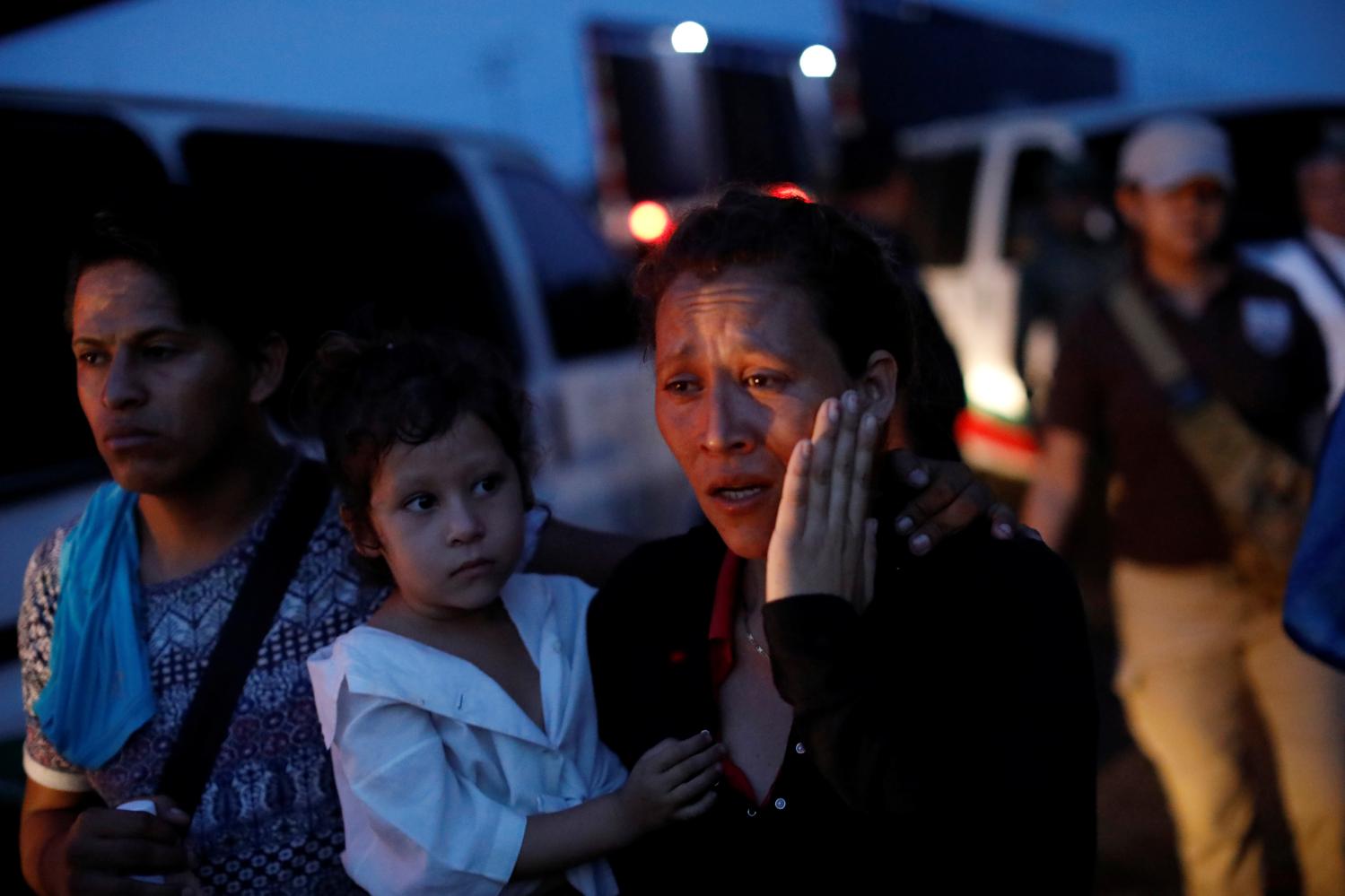 A woman, part of a convoy of Central American migrants, is escorted into a van by National Institute of Migration (INM) officers, after being detained at a checkpoint on the outskirts of Tapachula, Mexico, May 19, 2019. REUTERS/Andres Martinez Casares - RC1F10AAEE00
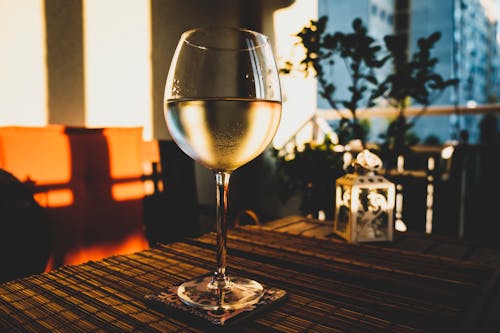 Photo of Glass of Wine on the Table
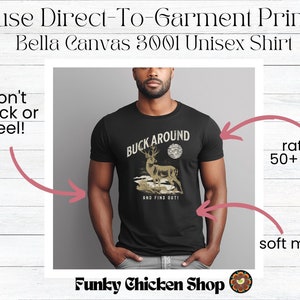May include: Black t-shirt with a vintage-style graphic of a deer with the text "Buck Around and Find Out!" printed on it. The shirt is made from a soft material and is rated for 50+ washes.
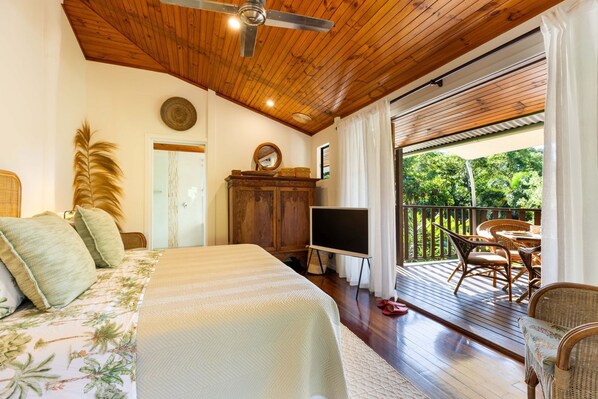 A bedroom with a bed, a wooden ceiling fan, a TV, and a balcony with wicker furniture.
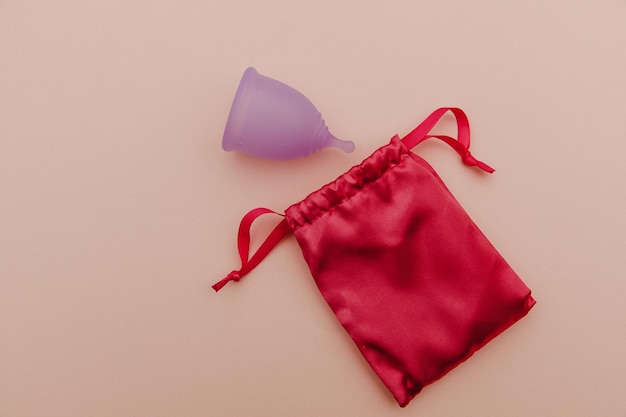 Coupe et sac menstruel violet pastel réutilisable sur fond rose concept d'écologie et de recyclage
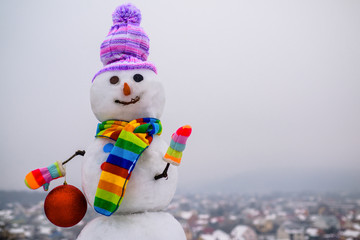 Obraz premium Snowman holds new year ball. Snow man in winter hat. Christmas background with snowman. Funny snowman in stylish hat and scarf. Smiling snow man with Christmas toy. Merry Christmas and Happy new year.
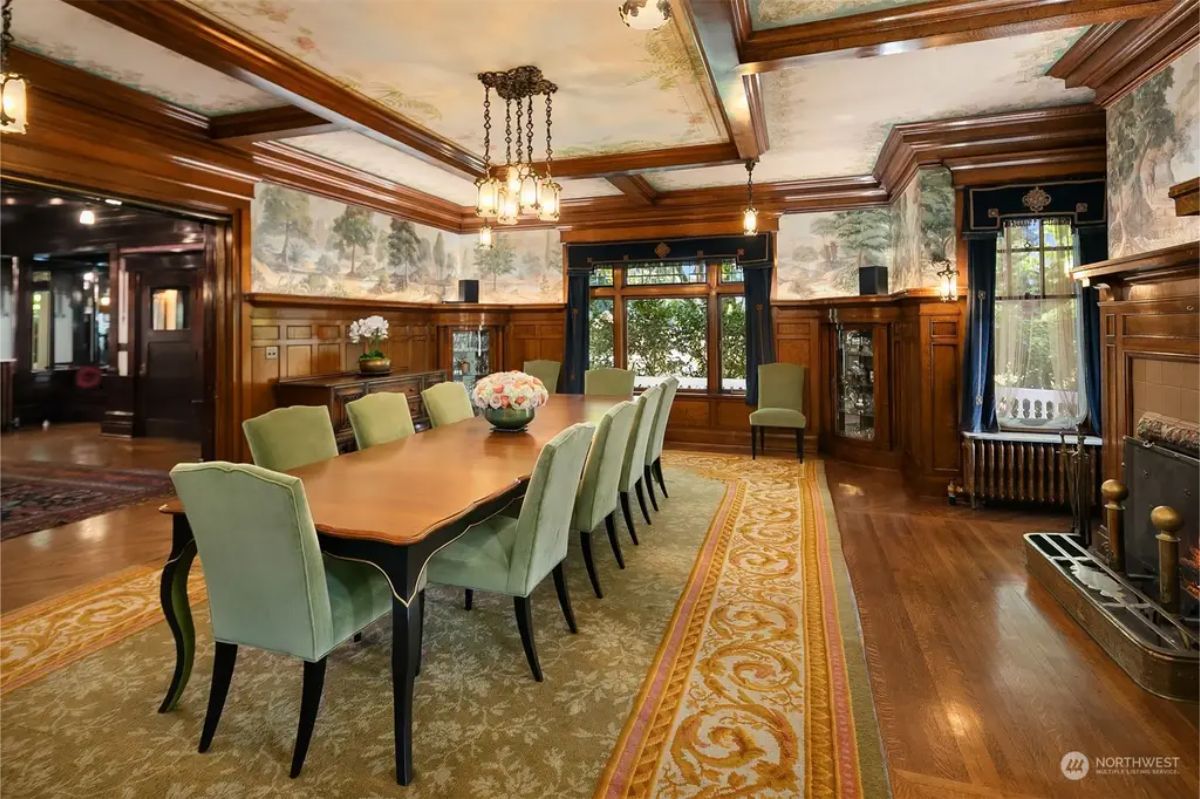 A long table surrounded by green upholstered chairs.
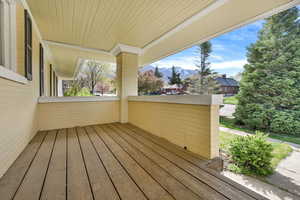 Wooden terrace featuring a mountain view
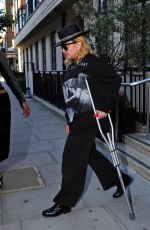 MADONNA Leaving a Hospital Supported by a Crutch in London 05/29/2020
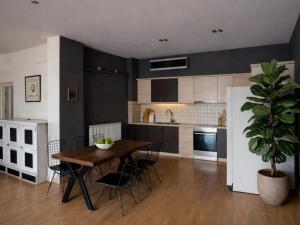 a kitchen with a wooden table and a potted plant at Filia Garden in Samos
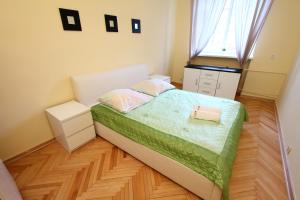 Cama o camas de una habitación en Capital Apartments - Old Town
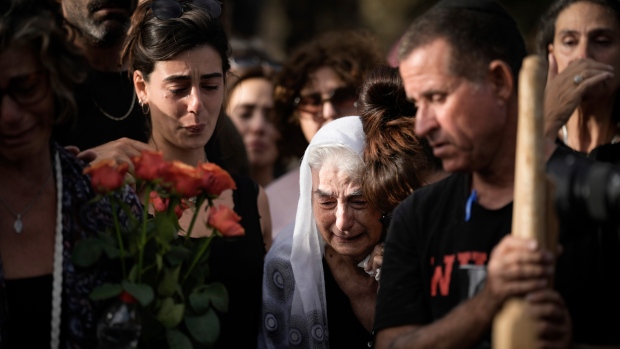 Mourners attend the funeral of Shani Louk in Srigim, Israel, on Sunday, May 19, 2024. (AP Photo/Leo Correa)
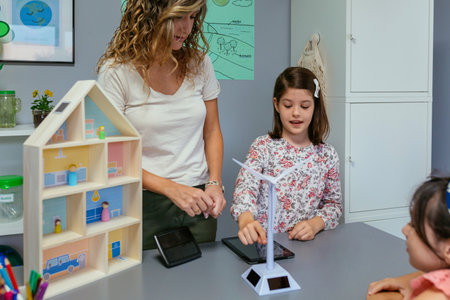 Female student next to teacher showing solar windmill to classmate in ecology classroom. Renewable...
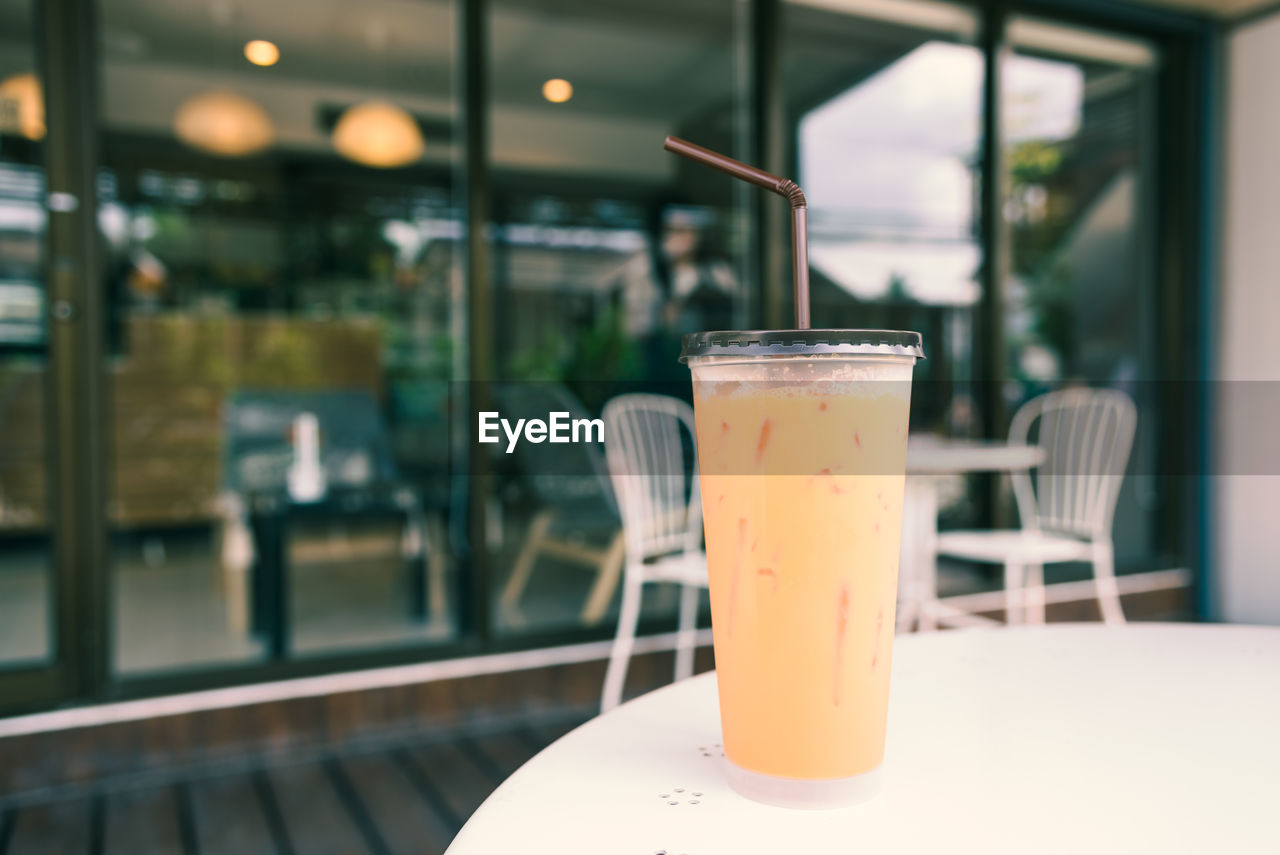 CLOSE-UP OF DRINK ON TABLE AT RESTAURANT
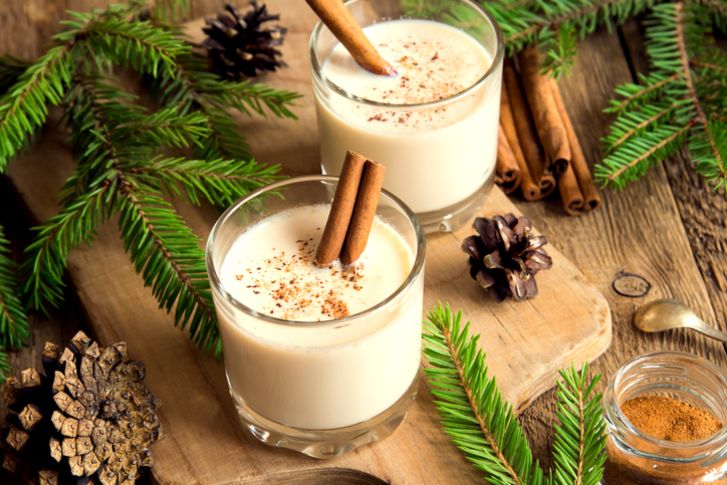 A photo of two glasses of eggnog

::::::::

### TASK DIRECTIONS
An exact printout of the listing is needed, minus any pictures it contains.

### EXERCISE ANSWER
 A woman, part of a convoy of Central American migrants, is escorted into a van by National Institute of Migration (INM) officers, after being detained at a checkpoint on the outskirts of Tapachula, Mexico, May 19, 2019. REUTERS/Andres Martinez Casares - RC1F10AAEE00
 Photo of Glass of Wine on the Table
May include: Black t-shirt with a vintage-style graphic of a deer with the text "Buck Around and Find Out!" printed on it. The shirt is made from a soft material and is rated for 50+ washes.
 A bedroom with a bed, a wooden ceiling fan, a TV, and a balcony with wicker furniture.
 Coupe et sac menstruel violet pastel réutilisable sur fond rose concept d'écologie et de recyclage
 Obraz premium Snowman holds new year ball. Snow man in winter hat. Christmas background with snowman. Funny snowman in stylish hat and scarf. Smiling snow man with Christmas toy. Merry Christmas and Happy new year.
 A long table surrounded by green upholstered chairs.
 Wooden terrace featuring a mountain view
 MADONNA Leaving a Hospital Supported by a Crutch in London 05/29/2020
 a kitchen with a wooden table and a potted plant at Filia Garden in Samos
 Cama o camas de una habitación en Capital Apartments - Old Town
 Mourners attend the funeral of Shani Louk in Srigim, Israel, on Sunday, May 19, 2024. (AP Photo/Leo Correa)
 Female student next to teacher showing solar windmill to classmate in ecology classroom. Renewable...
 CLOSE-UP OF DRINK ON TABLE AT RESTAURANT
 A photo of two glasses of eggnog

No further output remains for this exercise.